Wetter & Monsun-gebundene Nachfrage
Der entscheidende kurzfristige Treiber ist nicht das Wetter für die Produktion – die meisten der aktuellen Ernte sind bereits geerntet –, sondern der Beginn und die Verteilung des Südwestmonsuns. Wenn der Regen ab Mitte Juni einsetzt, verbessern sich ländliche Einkommen, Haushaltskonsum und die Nachfrage nach wertschöpfenden Produkten wie Besan typischerweise. Dieses saisonale Muster ist zentral für die erwartete Erholung des Abgangs.
Jede Verzögerung oder anfängliche Uneinheitlichkeit im Fortschritt des Monsuns könnte das Nachfragewachstum vorübergehend dämpfen, doch die breitere Wirkung ist in der Regel unterstützend für den Verbrauch von Hülsenfrüchten über einen Zeitraum von 2–4 Wochen. Angesichts bereits schwindender Ankünfte und eingeschränkter Importe sollte sogar ein normaler Anstieg der nach dem Monsun gebundenen Nachfrage ausreichen, um das Gleichgewicht wieder in Richtung festerer Kichererbsenpreise zu kippen.
2–4 Wochen Ausblick
Der Preistrend für indische Kichererbsen scheint sanft nach oben gerichtet. Bei sinkenden Ankünften ist die Politik zur Lagerfreigabe der Regierung das Hauptrisiko nach unten. Aggressive Marktoperationen oder große öffentliche Auktionen könnten Gewinne vorübergehend deckeln oder umkehren, doch der Markt zeigt derzeit eine begrenzte Bereitschaft, eine solche Strategie im großen Maßstab zu verfolgen.
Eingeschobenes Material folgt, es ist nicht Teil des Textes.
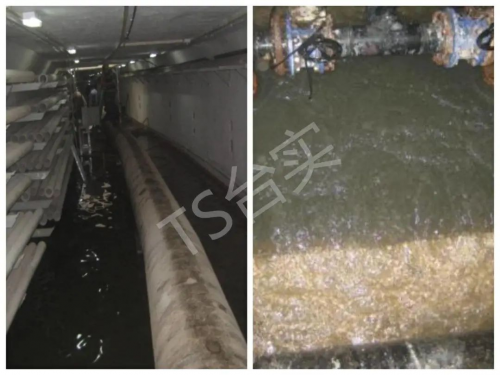 臺實技術(shù)干貨大放送 全國首個獲魯班獎環(huán)海管廊透水搶險工程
In Abwesenheit eines starken staatlichen Verkaufs scheint eine schrittweise Erholung auf etwa USD 62,50–63,50 pro 100 kg (etwa EUR 58,0–58,8) in den nächsten zwei bis vier Wochen plausibel. Dieser Weg geht von einem typischen Anstieg der Nachfrage nach Dal und Besan aus, während der Monsun fortschreitet und die Mühlen gezwungen sind, von der Mund-zu-Mund-Abdeckung abzutreten, um zukünftige Bedürfnisse abzusichern.
Handels- & Beschaffungs-Empfehlungen
- Indische Käufer (Mühlen, Abfüller): Nutzen Sie die derzeitige Schwäche, um einen Teil der Monsunzeit-Anforderungen zu decken; vermeiden Sie es, sich ausschließlich auf den Spotmarkt zu verlassen, da die Importparität und die schwindenden Ankünfte den Rückgang begrenzen.
- Lagerhalter: Die Beibehaltung zentraler Long-Positionen scheint gerechtfertigt, während die Lagerpolitik der Regierung beobachtet wird; ziehen Sie in Betracht, nur bei scharfen wetter- oder politikbedingten Anstiegen auszusteigen.
- Exporteurs: Bei stabiler inländischer Struktur und schwachem Rupien konzentrieren Sie sich auf hochwertige Partien und zeitnahe Lieferungen; sichern Sie FX- und Fracht-Risiken sorgfältig ab, angesichts der volatilen Logistikkosten.
- Importeure in anderen Regionen: Beachten Sie, dass die indischen und mexikanischen Angebote in EUR relativ hoch bleiben; die Sicherung der Versorgung bei Rückgängen kann sinnvoll sein, wenn die lokale Nachfrage im dritten Quartal voraussichtlich steigen wird.
3-Tage Preisindikation (Richtung)
- Indien, Großhandel Delhi: Seitwärts bis leicht fest; weiterer Rückgang begrenzt, da Mühlen beginnen, bei Rückgängen wieder einzutreten.
- Indien, FOB Neu-Delhi: Größtenteils stabil in EUR, mit milder Unterstützung durch den schwachen Rupien und hohe Importparität.
- Mexiko, FOB Mexiko-Stadt: Stabil bis marginal weicher; immer noch zu einem Aufpreis gegenüber indischer Herkunft für größere Kaliber bepreist.